The Eiffel Tower: A Little Philosophy Of Music
In a movie I recently saw, called Tár, there’s a poignant scene where you get a peek at a recording of Leonard Bernstein giving a lecture on music. What he says is that music essentially is movement, that the meaning of music lies first and foremost in the way it progresses and changes – in its fluctuation, its rise and fall – and the feelings this awakes in us. The idea is as simple as it is brilliant and I have always considered the Nits song The Eiffel tower as a little lesson in this particular postulate of the philosophy of music.
It is so quiet, like a faint rustle, in fact it hardly seems to move, yet in its slight, slow progression The Eiffel Tower seems to want to capture the essence of musical movement, making it as diaphanous and flimsy as possible. The – in my eyes – magnificent video Nits projected with the live rendition of this song, is nothing but a perfect illustration of Bernstein’s lesson: the girl on the swing in a summer garden, a meadow or a landscape filled with trees, softly moving to and fro, looking pensive, melancholic and probably experiencing the multitude of feelings the sweetly swinging, balancing rhythm whispers to her, just as the music does so gently. Just being happy in her movement, feeling happy in the sound of the music.
On The Eiffel Tower the camera became a full member of the musical cast, which is not unusual for a Nits song. The video projection itself is an interlaced cluster of different movements: not only the girl is swinging dreamily, the camera is also swaying, the images themselves move, the trees are waving, the whole is just a beautiful sequence of motion.

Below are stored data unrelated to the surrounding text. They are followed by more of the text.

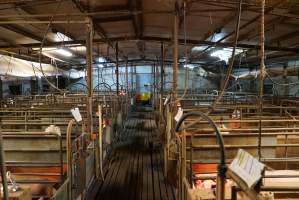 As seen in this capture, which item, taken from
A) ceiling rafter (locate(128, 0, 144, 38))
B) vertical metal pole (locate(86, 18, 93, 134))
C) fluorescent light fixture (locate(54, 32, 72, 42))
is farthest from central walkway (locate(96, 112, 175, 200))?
fluorescent light fixture (locate(54, 32, 72, 42))

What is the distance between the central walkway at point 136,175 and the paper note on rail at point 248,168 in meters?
3.00

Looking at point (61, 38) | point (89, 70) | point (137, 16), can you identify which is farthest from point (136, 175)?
point (61, 38)

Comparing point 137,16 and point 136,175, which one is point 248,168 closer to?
point 136,175

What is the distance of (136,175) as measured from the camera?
16.4 feet

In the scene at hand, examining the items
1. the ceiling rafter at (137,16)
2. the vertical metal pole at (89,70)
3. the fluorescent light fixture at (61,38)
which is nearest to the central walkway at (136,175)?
the vertical metal pole at (89,70)

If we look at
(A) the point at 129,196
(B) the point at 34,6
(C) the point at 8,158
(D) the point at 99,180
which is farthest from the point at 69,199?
(B) the point at 34,6

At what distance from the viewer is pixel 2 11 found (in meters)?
4.27

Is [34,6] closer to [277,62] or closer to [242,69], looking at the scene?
[277,62]

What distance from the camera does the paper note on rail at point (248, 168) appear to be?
38.7 inches

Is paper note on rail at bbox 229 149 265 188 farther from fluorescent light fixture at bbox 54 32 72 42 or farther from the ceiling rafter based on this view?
fluorescent light fixture at bbox 54 32 72 42

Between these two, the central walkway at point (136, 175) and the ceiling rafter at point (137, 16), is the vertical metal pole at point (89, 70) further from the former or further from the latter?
the central walkway at point (136, 175)

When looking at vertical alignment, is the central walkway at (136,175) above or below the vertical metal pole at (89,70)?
below

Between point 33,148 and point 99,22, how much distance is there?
9.72ft

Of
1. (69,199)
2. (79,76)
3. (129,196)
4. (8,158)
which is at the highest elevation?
(79,76) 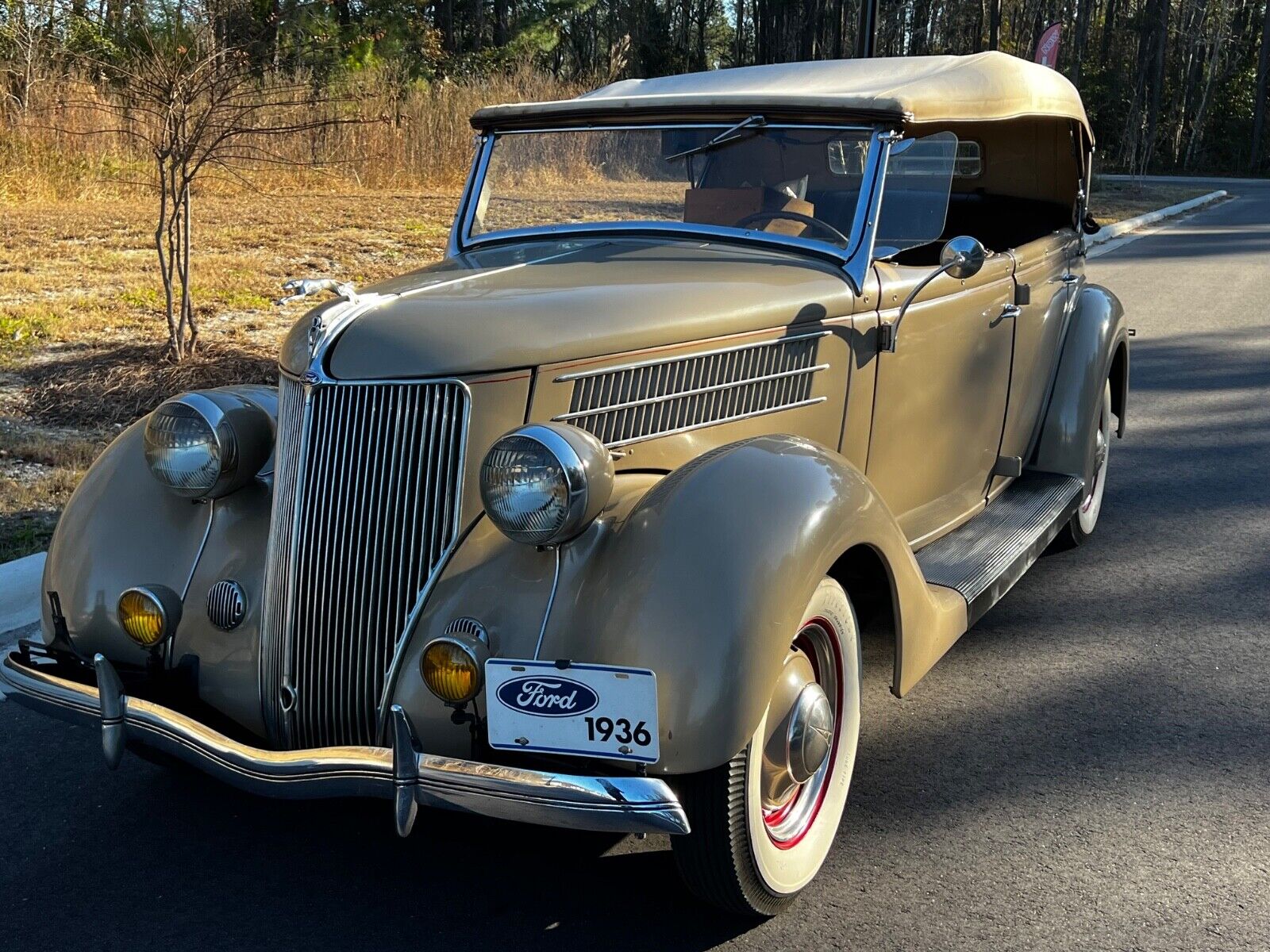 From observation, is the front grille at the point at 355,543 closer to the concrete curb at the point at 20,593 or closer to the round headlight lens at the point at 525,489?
the round headlight lens at the point at 525,489

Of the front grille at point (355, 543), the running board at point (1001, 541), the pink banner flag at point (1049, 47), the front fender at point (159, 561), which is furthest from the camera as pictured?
the pink banner flag at point (1049, 47)

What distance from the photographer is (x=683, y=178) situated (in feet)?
11.8

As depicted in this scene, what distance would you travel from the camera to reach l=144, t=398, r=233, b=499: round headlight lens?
2.81 metres

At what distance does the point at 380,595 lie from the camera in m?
2.49

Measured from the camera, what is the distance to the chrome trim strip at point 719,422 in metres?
2.80

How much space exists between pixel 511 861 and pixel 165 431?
130 cm

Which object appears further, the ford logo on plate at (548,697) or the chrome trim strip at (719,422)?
the chrome trim strip at (719,422)

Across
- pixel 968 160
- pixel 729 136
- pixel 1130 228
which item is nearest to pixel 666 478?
pixel 729 136

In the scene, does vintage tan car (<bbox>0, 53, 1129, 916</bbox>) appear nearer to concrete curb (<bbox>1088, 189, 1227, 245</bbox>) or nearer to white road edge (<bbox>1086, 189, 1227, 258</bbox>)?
white road edge (<bbox>1086, 189, 1227, 258</bbox>)

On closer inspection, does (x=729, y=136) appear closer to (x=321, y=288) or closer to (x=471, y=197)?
(x=471, y=197)

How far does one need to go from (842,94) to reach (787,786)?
2014 millimetres

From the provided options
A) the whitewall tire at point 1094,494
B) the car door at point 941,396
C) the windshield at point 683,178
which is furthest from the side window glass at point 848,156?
the whitewall tire at point 1094,494

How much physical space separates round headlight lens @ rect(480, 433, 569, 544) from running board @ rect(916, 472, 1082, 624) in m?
1.43

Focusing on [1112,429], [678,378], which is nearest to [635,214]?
[678,378] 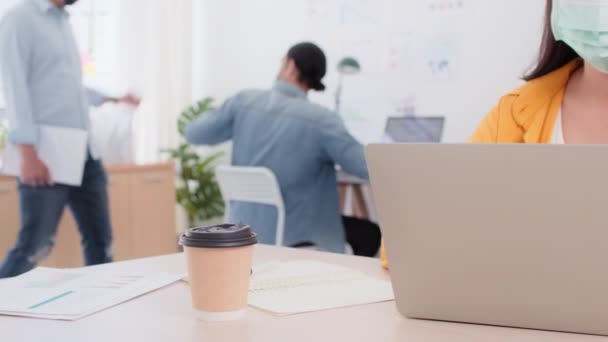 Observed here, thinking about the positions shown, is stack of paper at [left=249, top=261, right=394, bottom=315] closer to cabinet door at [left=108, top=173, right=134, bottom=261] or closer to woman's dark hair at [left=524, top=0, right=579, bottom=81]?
woman's dark hair at [left=524, top=0, right=579, bottom=81]

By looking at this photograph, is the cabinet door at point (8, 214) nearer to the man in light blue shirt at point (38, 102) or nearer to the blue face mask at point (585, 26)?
the man in light blue shirt at point (38, 102)

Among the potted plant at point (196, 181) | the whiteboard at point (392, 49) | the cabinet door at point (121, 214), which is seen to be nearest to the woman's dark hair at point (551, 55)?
the whiteboard at point (392, 49)

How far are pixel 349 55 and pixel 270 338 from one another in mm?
3826

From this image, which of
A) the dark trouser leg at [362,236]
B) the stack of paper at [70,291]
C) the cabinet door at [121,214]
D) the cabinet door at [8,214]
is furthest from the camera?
the cabinet door at [121,214]

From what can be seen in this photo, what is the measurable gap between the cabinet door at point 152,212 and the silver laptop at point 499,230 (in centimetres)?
313

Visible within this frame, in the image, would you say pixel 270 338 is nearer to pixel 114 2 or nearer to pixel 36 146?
pixel 36 146

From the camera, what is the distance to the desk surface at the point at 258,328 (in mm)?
695

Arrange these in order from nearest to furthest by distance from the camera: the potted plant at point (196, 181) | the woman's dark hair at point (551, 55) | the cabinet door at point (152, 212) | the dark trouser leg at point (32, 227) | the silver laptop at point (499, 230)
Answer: the silver laptop at point (499, 230) → the woman's dark hair at point (551, 55) → the dark trouser leg at point (32, 227) → the cabinet door at point (152, 212) → the potted plant at point (196, 181)

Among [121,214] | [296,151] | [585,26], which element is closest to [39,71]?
[296,151]

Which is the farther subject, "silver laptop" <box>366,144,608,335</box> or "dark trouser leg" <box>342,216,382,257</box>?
"dark trouser leg" <box>342,216,382,257</box>

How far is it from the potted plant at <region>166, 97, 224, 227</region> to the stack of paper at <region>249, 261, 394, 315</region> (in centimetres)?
352

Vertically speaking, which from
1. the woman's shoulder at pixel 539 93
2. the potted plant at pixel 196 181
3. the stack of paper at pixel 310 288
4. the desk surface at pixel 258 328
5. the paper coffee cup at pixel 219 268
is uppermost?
the woman's shoulder at pixel 539 93

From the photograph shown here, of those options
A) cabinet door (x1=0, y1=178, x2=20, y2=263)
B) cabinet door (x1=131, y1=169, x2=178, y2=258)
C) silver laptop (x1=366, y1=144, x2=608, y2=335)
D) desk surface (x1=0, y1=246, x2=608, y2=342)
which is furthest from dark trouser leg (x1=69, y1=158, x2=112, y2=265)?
silver laptop (x1=366, y1=144, x2=608, y2=335)

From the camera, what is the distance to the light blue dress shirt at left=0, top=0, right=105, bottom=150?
2.42 metres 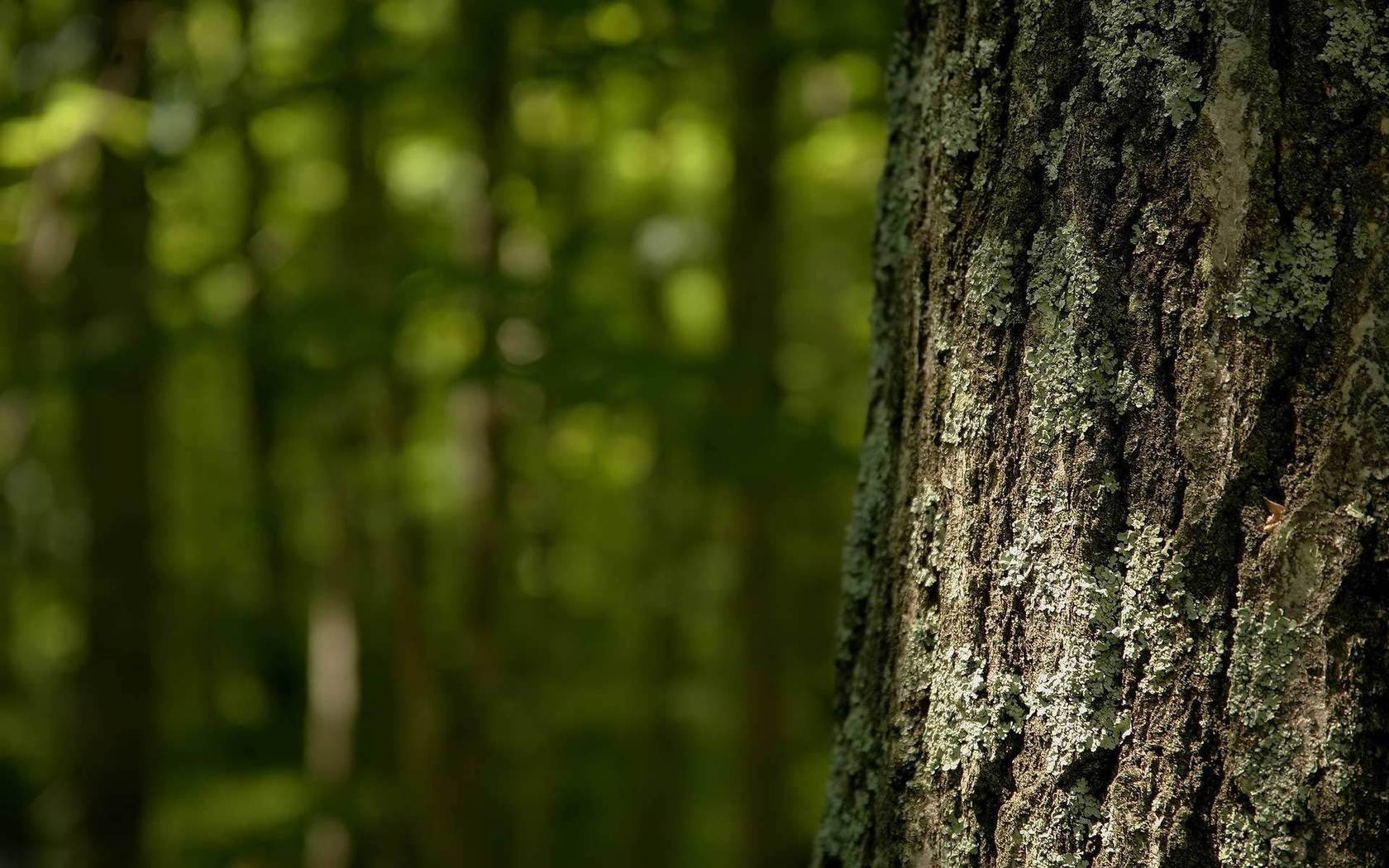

It’s as if Nits too were trying to communicate to us what music means to them, in the most subtle touching of their instruments, it’s almost as if the music stands still, is treading water, but the tiniest sparks of movement are there and in them lies the meaning and the beauty of the music. A poetic lesson in what music is. Nits revealed us so much about music in their advanced language of what is conveniently called pop. The instrumental music of the song appears to be hovering – from the height of the Eiffel Tower – over the vast landscape of manmade sounds called music, which seems to have come down to us from the heavens, like an angel descending, music falling down from the skies, an image that is not far removed from the celestial and cosmological metaphors often used by philosophers to describe the nature of music. Music notes softly fluttering down like feathers of a bird. That’s what this song sounds like.
And then the music descends into the towns and streets below, mingles with what artists have created in beauty that can be seen and touched, with smells and tastes of all that our senses can take in. That’s how Nits’ music came to be. Its kinetic patience and sense of observational detail are legendary.
The music of The Eiffel Tower trembles as the most fragile of emotions. It balances out all the extremes to arrive at a peaceful reflection on life, so typical of the graceful frame of mind of Nits. The song intimates how everything slowly disappears and turns into dust, music staying behind as the one solace in the knowledge that what originates, grows, flourishes and lives through movement, one day has to die. This unescapable drama is so aphoristically and appropriately expressed by the language of the drums. They escort the airy, weightless sounds of the music back to earth. Rob Kloet’s beating of the drums is always to the point and on the mark. Its trenchant sounds and solemn rhythm guide the song to its natural and inevitable ending.
It is why – since I first heard it – The Eiffel Tower has always remained my favourite Nits song.